-- Entries provided follows --
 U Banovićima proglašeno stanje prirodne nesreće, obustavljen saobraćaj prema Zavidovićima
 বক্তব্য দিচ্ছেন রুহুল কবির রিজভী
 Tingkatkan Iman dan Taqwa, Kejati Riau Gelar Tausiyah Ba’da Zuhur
-- Entries provided concluded --
-- Entries provided follows --
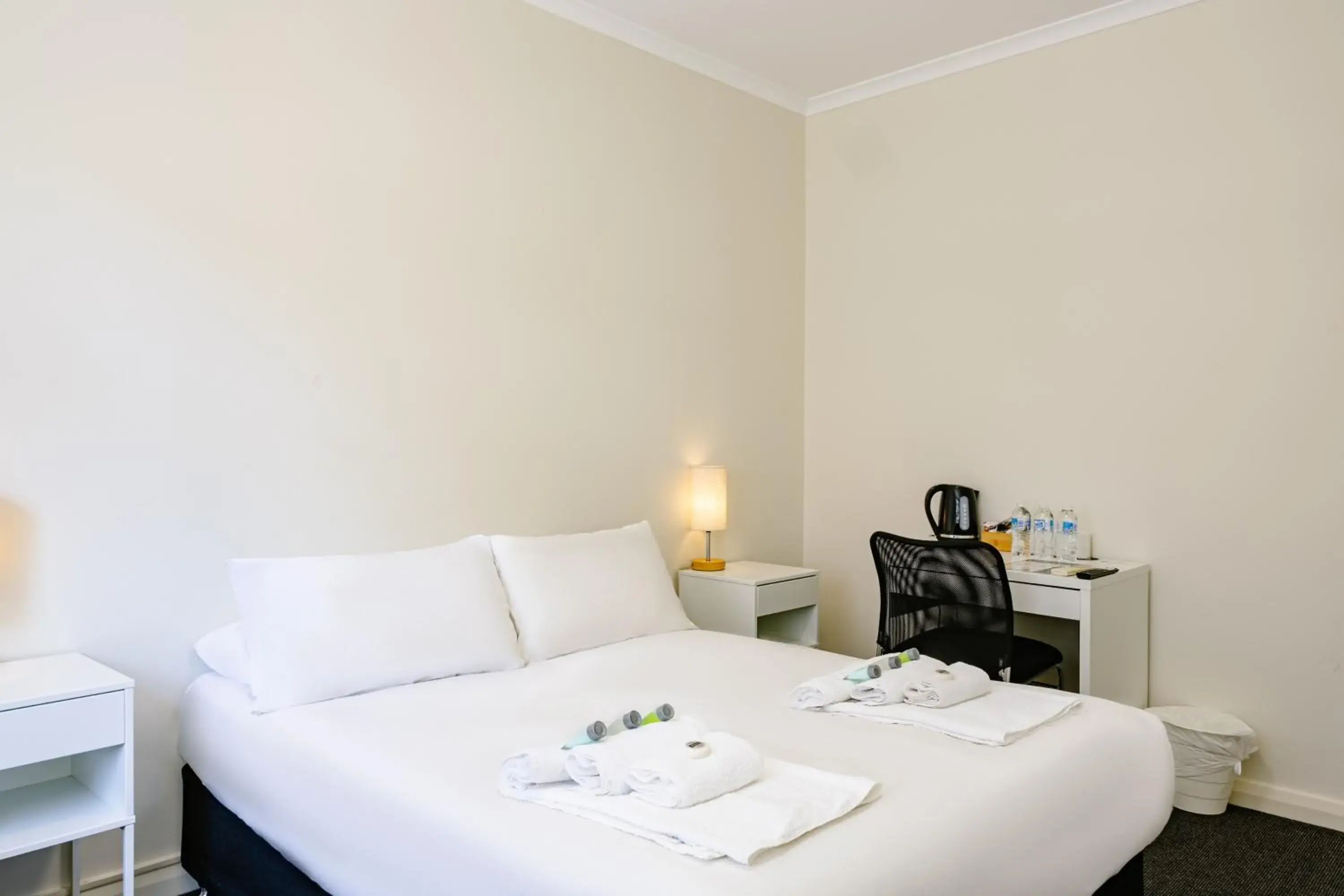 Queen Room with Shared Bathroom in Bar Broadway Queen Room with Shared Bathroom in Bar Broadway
-- Entries provided concluded --
What you need to do
Give back precisely the lines above that start at the line containing "U Banovićima proglašeno" and end at the line containing "Tingkatkan Iman dan", inclusive. No other lines belong in the output.

Worked solution
 U Banovićima proglašeno stanje prirodne nesreće, obustavljen saobraćaj prema Zavidovićima
 বক্তব্য দিচ্ছেন রুহুল কবির রিজভী
 Tingkatkan Iman dan Taqwa, Kejati Riau Gelar Tausiyah Ba’da Zuhur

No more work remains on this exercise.